Even if you prefer to define this as "logical dependence", all that would mean is that I'd have to slightly modify my claim about correlations in a local realist universe. Leaving aside all talk of physical causality, I could say that any time two variables A and B have a correlation, then it must be true either that A lies in the past light cone of B or vice versa, or it could be true that there is some other event or events C which lie in the overlap of the past light cones of A and B, such that the correlation between A and B is fully explained by C (i.e. if you know the value of C on a given trial, and you know the logical dependence between A and C as well as the logical dependence between B and C, then this fully determines any correlations between A and B). Do you disagree that something like this must be true in a local realist universe? If you disagree, try to provide a specific counterexample, and I'll try to explain what the C is in the past light cone of the correlated events A and B that you provide which fully determines how they are correlated (assuming there is a spacelike separation between A and B, if not than no such past event is necessary according to my claim above).

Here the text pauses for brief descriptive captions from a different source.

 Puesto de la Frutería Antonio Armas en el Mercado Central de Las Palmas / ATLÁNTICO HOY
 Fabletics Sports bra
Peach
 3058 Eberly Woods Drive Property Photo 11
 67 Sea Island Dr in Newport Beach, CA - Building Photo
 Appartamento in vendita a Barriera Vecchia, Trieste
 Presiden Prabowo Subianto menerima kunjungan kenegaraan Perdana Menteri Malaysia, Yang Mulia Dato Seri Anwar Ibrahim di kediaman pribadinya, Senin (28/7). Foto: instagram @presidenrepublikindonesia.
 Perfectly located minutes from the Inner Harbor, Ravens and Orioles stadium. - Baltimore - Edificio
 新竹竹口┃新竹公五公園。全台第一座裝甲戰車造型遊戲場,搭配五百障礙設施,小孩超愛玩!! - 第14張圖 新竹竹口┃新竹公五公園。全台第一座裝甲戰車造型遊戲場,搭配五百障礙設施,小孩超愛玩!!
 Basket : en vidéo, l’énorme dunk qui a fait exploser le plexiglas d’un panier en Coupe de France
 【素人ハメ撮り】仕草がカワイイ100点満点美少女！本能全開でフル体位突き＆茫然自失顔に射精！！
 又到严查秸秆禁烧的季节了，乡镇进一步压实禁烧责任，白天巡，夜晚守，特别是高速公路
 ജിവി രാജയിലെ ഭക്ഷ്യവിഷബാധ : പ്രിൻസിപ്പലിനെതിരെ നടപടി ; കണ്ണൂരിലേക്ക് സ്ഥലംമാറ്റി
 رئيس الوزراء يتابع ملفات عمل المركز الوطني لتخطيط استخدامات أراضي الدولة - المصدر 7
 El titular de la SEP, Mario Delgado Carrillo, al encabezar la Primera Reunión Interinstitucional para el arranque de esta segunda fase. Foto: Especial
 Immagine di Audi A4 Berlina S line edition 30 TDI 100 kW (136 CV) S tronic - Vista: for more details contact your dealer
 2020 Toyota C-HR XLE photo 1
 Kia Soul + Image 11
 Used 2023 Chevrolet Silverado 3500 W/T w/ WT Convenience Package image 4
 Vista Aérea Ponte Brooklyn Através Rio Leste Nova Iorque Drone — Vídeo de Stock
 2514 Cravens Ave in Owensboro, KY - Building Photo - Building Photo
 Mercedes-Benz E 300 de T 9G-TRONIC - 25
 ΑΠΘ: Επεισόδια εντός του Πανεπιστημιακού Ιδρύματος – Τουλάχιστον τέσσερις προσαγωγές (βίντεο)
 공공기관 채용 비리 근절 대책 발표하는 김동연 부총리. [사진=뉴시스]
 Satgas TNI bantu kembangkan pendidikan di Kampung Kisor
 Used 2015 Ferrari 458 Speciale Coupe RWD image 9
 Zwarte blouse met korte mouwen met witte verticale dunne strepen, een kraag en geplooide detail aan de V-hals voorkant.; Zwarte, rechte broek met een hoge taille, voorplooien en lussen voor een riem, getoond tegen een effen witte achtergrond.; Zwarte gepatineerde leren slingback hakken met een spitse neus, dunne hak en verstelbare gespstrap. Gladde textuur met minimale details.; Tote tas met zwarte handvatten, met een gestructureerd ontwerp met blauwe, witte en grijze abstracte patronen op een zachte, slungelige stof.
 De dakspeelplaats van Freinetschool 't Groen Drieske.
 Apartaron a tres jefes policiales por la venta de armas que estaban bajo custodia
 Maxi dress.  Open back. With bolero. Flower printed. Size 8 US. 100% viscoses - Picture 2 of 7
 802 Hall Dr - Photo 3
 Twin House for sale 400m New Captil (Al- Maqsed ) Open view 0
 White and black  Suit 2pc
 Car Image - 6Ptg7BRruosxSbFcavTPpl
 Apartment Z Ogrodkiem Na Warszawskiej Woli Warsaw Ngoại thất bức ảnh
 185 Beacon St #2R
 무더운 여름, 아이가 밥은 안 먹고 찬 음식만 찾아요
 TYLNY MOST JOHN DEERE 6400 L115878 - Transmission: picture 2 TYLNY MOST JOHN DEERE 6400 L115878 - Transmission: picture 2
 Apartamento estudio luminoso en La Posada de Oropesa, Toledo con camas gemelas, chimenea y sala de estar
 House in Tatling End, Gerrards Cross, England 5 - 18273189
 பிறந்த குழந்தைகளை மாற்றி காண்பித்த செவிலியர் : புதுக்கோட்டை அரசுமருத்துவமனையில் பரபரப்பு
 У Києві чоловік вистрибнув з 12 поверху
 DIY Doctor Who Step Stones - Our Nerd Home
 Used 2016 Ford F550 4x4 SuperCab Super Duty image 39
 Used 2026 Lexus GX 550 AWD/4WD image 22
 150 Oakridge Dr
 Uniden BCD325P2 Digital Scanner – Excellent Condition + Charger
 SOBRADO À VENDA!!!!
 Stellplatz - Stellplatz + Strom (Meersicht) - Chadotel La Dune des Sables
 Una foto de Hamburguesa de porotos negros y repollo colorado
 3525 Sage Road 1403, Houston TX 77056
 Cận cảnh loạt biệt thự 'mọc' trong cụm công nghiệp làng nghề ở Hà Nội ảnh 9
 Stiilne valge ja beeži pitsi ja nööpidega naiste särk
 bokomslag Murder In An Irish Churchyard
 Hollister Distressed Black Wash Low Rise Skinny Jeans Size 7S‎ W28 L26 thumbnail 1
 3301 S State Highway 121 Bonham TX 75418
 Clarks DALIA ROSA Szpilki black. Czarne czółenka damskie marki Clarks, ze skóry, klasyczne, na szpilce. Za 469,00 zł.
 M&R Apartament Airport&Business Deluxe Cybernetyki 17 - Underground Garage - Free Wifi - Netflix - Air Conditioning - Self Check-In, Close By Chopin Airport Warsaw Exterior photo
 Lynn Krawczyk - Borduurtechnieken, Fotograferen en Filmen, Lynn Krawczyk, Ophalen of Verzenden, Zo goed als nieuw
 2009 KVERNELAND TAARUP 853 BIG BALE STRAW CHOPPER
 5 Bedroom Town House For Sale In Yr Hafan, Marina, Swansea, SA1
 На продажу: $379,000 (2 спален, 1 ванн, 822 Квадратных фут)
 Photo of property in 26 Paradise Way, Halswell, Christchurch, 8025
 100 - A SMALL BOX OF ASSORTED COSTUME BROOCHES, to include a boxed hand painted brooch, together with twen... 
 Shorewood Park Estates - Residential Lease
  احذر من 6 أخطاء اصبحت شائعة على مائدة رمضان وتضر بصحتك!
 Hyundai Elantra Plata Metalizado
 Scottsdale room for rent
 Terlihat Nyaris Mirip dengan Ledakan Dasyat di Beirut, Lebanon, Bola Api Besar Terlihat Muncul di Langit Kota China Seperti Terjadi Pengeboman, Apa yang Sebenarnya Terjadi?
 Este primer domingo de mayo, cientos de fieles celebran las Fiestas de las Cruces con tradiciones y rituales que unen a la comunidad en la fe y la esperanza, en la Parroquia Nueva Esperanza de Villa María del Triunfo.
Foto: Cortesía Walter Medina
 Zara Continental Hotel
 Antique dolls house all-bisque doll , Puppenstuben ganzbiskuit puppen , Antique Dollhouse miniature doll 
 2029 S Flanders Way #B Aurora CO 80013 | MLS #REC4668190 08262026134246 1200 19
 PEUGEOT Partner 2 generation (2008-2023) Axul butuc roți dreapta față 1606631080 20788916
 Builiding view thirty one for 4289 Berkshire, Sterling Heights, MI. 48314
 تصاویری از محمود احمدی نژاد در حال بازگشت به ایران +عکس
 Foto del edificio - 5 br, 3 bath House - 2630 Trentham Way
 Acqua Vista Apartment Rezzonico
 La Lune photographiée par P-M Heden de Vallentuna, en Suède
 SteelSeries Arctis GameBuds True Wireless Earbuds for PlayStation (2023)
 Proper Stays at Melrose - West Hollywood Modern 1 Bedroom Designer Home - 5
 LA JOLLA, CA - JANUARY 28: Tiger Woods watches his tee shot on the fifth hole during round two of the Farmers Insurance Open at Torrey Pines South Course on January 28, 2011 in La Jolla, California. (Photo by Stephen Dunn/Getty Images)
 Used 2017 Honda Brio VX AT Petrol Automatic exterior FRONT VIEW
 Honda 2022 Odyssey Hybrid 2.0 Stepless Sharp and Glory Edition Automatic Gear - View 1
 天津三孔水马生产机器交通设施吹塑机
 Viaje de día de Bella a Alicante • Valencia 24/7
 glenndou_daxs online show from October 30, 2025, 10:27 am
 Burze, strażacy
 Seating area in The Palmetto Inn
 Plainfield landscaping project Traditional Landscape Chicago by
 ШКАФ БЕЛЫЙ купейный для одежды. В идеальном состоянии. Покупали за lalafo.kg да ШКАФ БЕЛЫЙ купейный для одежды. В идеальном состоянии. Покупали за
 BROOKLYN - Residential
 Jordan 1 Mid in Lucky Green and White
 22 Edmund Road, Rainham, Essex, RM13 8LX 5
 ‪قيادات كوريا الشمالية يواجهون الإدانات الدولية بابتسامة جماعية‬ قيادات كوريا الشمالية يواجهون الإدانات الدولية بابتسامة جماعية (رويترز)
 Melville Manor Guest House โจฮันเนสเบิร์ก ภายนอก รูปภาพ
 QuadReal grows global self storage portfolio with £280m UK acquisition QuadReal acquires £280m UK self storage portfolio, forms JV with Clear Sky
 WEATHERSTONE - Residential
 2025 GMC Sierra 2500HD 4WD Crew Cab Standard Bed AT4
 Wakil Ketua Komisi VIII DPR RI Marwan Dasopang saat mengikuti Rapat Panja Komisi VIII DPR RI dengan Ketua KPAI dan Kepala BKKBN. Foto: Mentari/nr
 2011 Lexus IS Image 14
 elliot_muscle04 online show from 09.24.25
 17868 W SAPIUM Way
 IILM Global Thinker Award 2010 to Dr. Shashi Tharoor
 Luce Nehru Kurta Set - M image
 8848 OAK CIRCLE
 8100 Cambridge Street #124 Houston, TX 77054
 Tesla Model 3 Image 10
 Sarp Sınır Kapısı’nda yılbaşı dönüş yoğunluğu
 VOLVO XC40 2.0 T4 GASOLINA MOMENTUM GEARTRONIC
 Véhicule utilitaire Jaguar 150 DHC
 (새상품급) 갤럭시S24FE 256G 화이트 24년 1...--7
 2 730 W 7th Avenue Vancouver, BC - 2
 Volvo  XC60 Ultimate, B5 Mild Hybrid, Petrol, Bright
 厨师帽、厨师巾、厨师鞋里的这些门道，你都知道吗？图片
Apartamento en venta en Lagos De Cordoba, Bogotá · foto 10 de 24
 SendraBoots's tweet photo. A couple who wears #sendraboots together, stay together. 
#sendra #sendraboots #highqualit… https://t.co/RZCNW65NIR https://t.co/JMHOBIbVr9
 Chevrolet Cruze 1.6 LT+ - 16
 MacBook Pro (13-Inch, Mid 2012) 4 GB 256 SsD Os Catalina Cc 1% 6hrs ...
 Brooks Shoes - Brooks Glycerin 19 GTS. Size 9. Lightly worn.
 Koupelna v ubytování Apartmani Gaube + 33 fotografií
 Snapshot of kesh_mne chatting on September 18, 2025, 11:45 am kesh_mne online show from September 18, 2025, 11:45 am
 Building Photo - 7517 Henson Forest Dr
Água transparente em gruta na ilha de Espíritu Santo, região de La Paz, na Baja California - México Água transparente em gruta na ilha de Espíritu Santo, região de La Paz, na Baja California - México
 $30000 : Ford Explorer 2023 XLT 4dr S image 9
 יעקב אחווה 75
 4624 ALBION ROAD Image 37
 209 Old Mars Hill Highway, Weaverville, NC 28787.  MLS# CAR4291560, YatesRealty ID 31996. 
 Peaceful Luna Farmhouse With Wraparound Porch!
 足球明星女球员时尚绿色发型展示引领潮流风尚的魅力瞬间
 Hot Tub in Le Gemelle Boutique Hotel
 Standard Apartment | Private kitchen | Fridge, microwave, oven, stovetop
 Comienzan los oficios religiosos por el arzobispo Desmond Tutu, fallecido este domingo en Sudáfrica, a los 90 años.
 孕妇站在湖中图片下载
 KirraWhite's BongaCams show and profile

This is wrong. While equation (12) shows that KNOWLEDGE of A is independent of KNOWLEDGE of b, it also shows that KNOWLEDGE of A is independent of KNOWLEDGE of B. According to the rules of probability it MUST be so. Readup on "product rule", P(AB)=P(A|B)P(B).

No, it just says that any dependence between your knowledge of A and B must be fully explainable in terms of what knowledge of A tells you about $$\lambda$$, which in turn can inform your knowledge of B. Once again, there is certainly some correlation between A and B in the urn example, but since this correlation is entirely explainable in terms of the hidden state H after the first ball was picked, the equation P(AB) = [SUM OVER ALL POSSIBLE H] P(A|H)*P(B|H)*P(H) works just fine despite lacking any P(A|B) terms.

If a source releases two electrons, one spin up and spin down, and we measure one at A and find it to be up, then we can predict with certainty that the one at B will be down. Now try to write down the equations for this exact, very simple two electron case, without any settings at the stations and a single hidden variable (spin). If A is not logically dependent on B and vice versa, how come when you do not no either outcome, the P(A) = 1/2, and p(B) = 1/2 but when you know the out come the A is "up", P(A) = 1.0 and p(B)=0. There is only one set of equations that will give you these results consistently and that is the product rule. Bell's equation (2) is not valid. Unless you are trying to say the example is not local realist.

No, this example works fine in a local realist universe. You can assume that immediately on being created, the electrons have either hidden state H1 = "electron going in direction of A is up, electron going in direction of B is down", or hidden state H2 = "electron going in direction of A is down, electron going in direction of B is up". In this case we can say that P(AB) = P(A|H1)*P(B|H1)*P(H1) + P(A|H2)*P(B|H2)*P(H2). From this you will be able to show that for A=up and B=down, P(AB)=1/2, and likewise for A=down and B=up, whereas for A=up and B=up you have P(AB)=0 and likewise for A=down and B=down. The correlation between A and B is fully explained by their dependence on the hidden state, there's no need to include any P(A|B) terms in the equation.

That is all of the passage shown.